RECORDS TO PROCESS ::
----

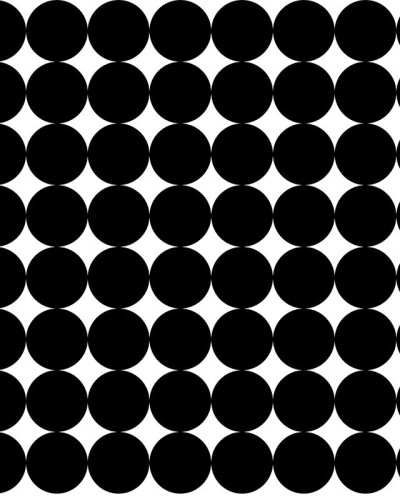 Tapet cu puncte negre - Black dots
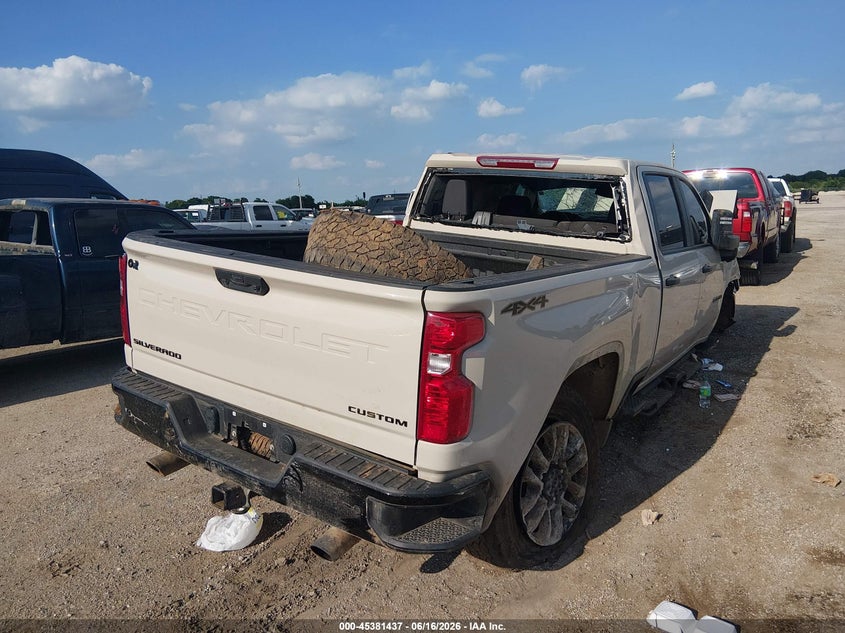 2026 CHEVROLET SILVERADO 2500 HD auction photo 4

----

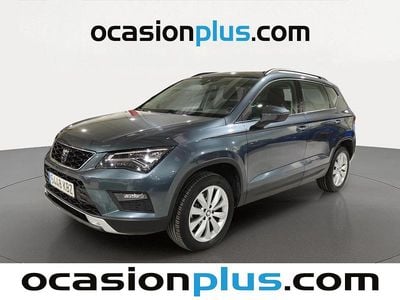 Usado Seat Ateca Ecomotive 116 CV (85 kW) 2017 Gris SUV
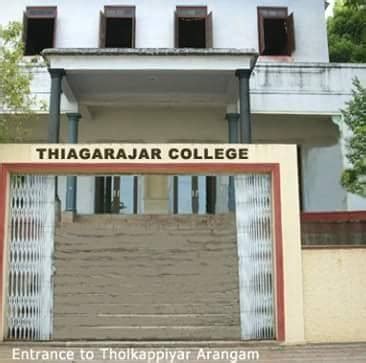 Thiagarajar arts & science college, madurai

----

THE TASK :: Using the data above, copy exactly the lines from the one containing "Tapet cu puncte negre - Black dots" to the one containing "2026 CHEVROLET SILVERADO", inclusive. Exclude the pictures.

SOLUTION TO THE EXERCISE ::
 Tapet cu puncte negre - Black dots
 2026 CHEVROLET SILVERADO 2500 HD auction photo 4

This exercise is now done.